- Task goal
The answer is to be the lines below that lie between the line holding "Building Photo - 3BR/1BA" and the line holding "Komatsu PC 300 Lánctalpas kotrók", inclusive, transcribed exactly and free of pictures.

- Material for this exercise
↓

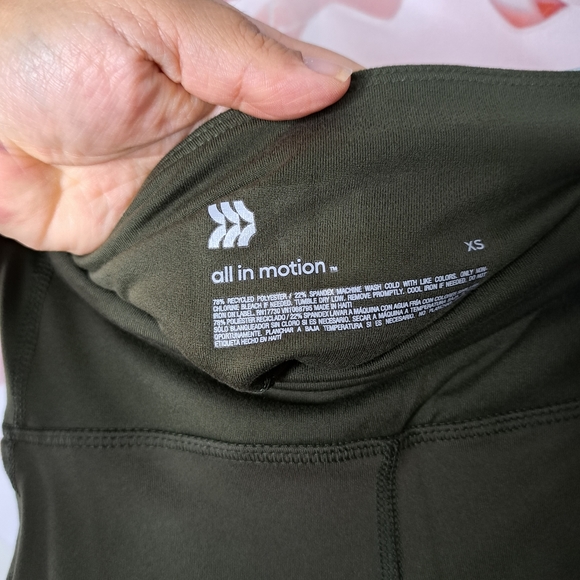 NWT All In Motion Simplicity Twist High Rise Leggings in Olive Green - Picture 9 of 10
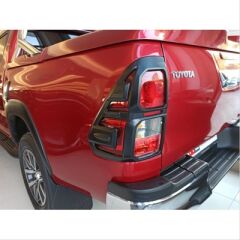 HILUX REVO 2016-2019 IÇIN UYUMLU STOP ÇERÇEVESI KAPLAMA SIYAH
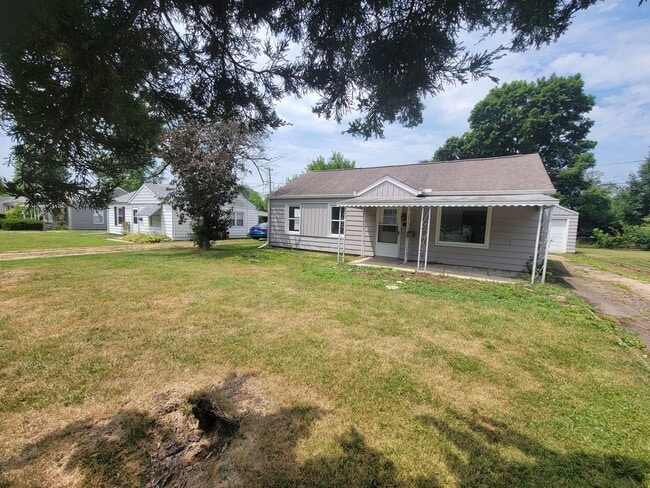 Building Photo - 3BR/1BA w/Garage -3011 Mission Road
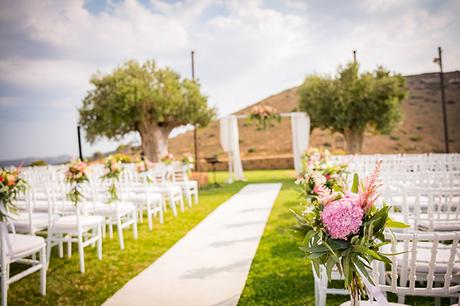 Romantic wedding with gold and peach details | Ourania & Jack romantic-wedding-gold-peach-details_10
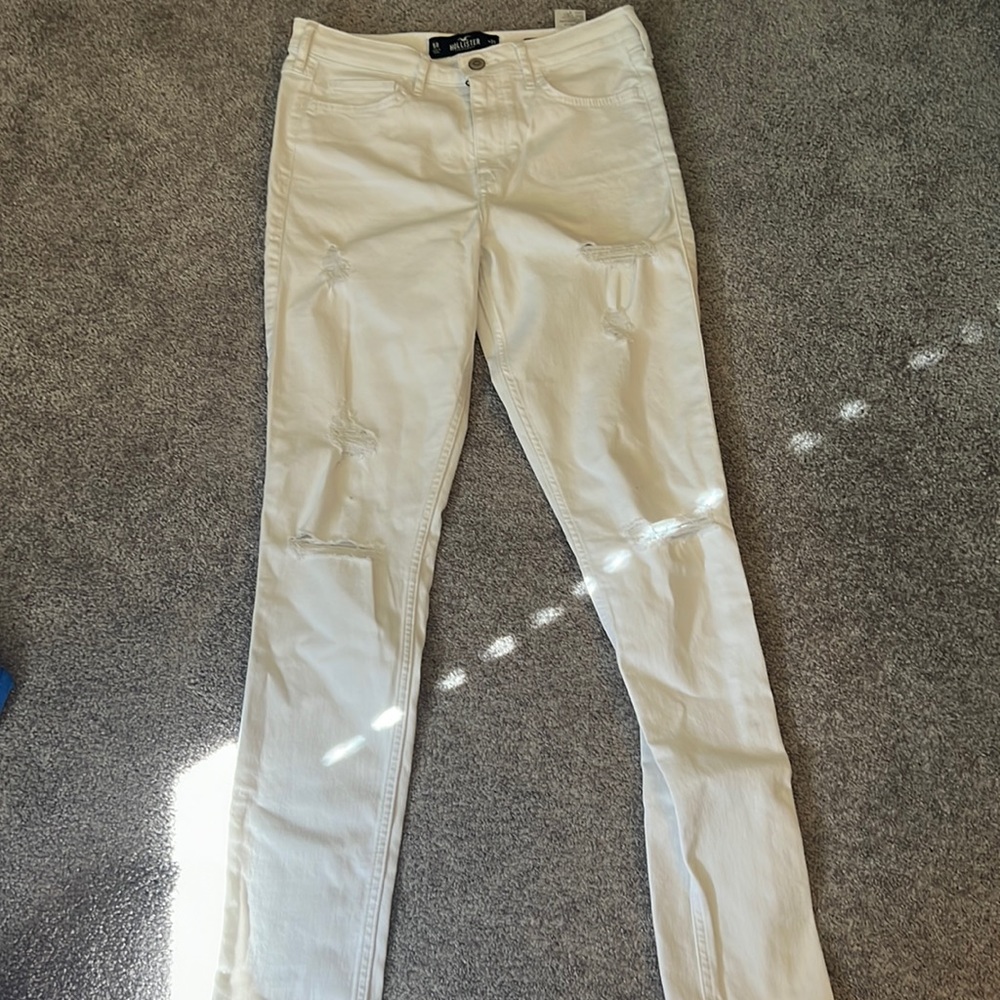 Hollister White Ripped Jeans Size 5R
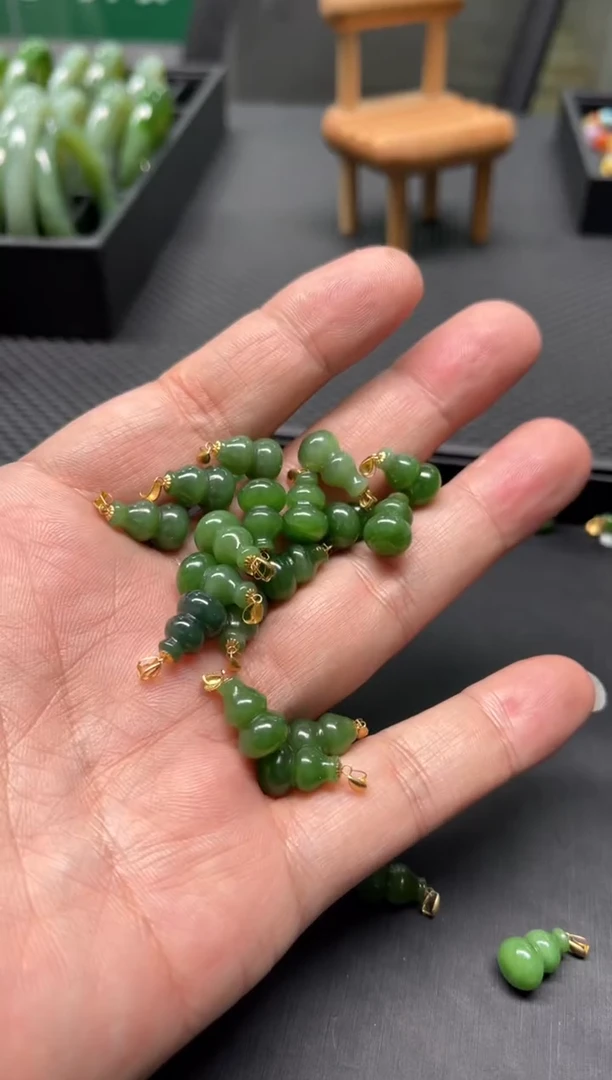 【闪购商品】和田玉吊坠18K金镶嵌多样性发1件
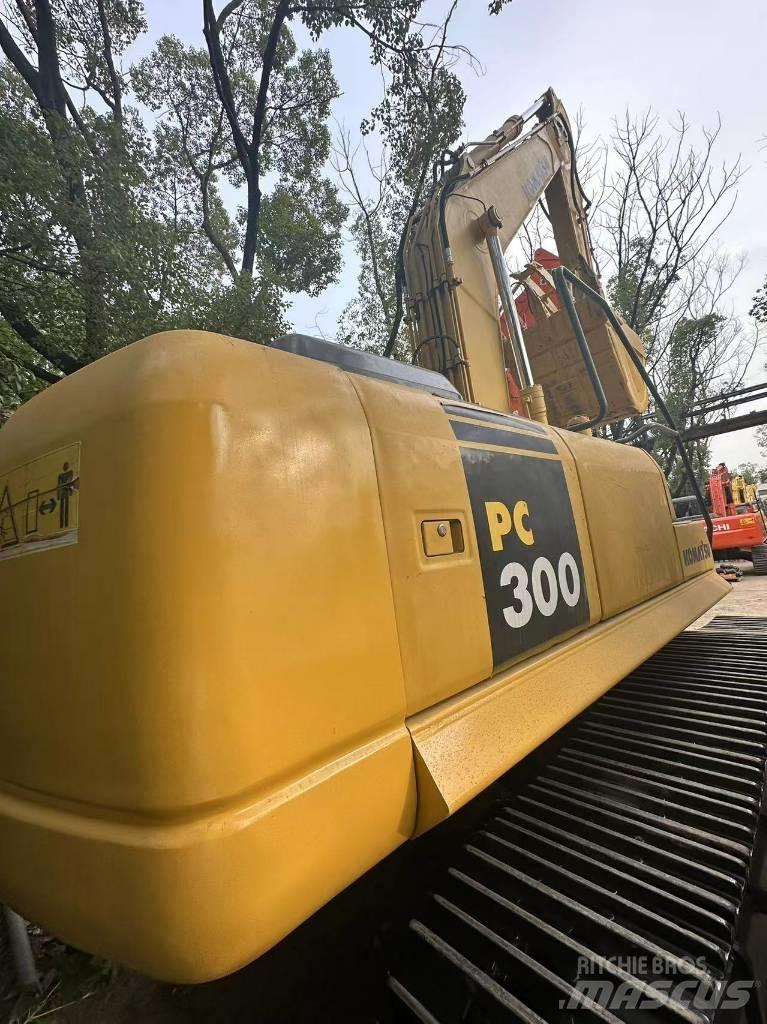 Komatsu PC 300 Lánctalpas kotrók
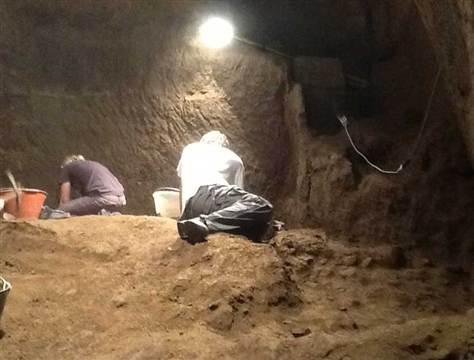 Des chambres pyramidales étrusques découvertes en Italie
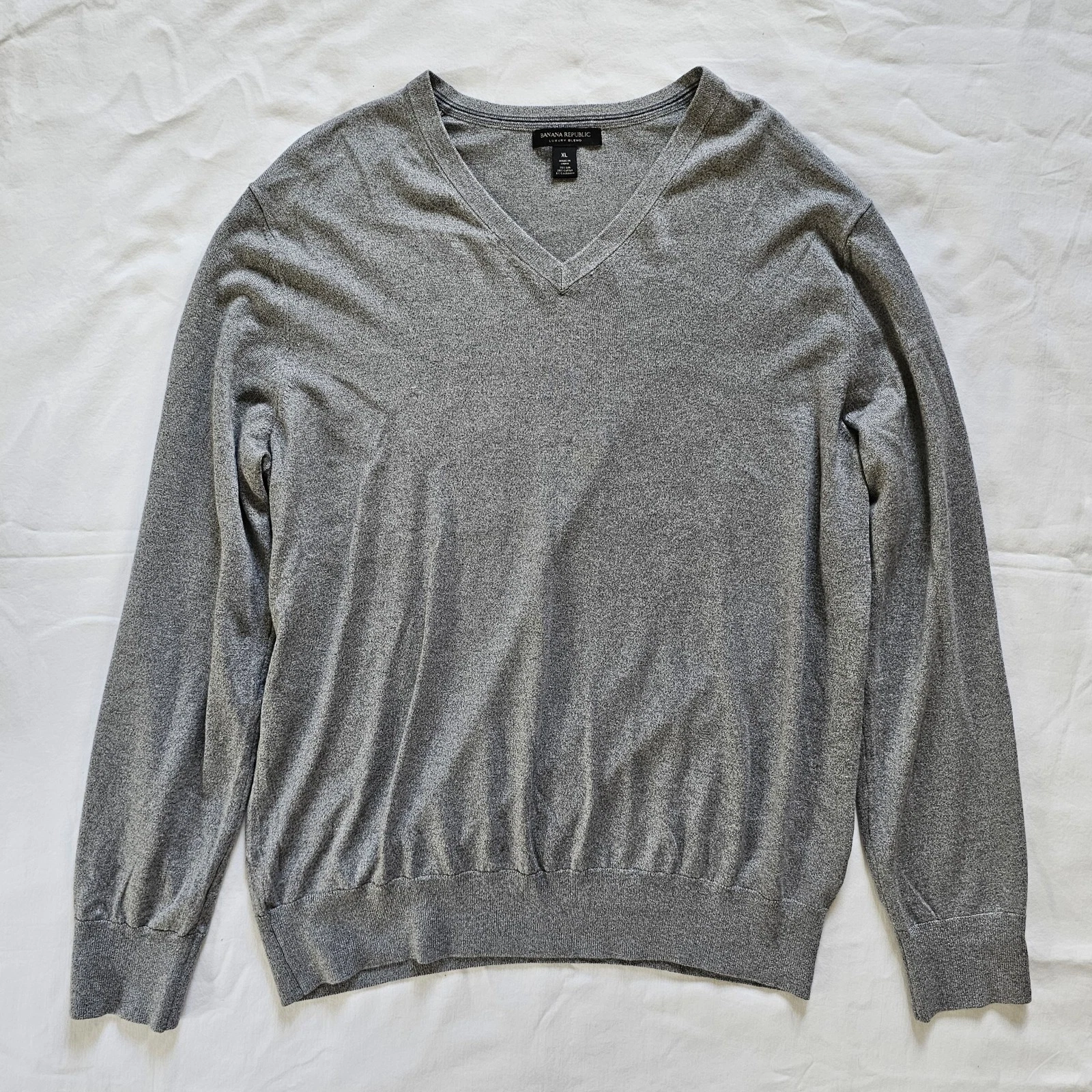 Banana Republic Luxury Silk Blend Preppy Minimalist Office Soft V-neck Sweater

↑

- Answer to this problem
 Building Photo - 3BR/1BA w/Garage -3011 Mission Road
 Romantic wedding with gold and peach details | Ourania & Jack romantic-wedding-gold-peach-details_10
 Hollister White Ripped Jeans Size 5R
 【闪购商品】和田玉吊坠18K金镶嵌多样性发1件
 Komatsu PC 300 Lánctalpas kotrók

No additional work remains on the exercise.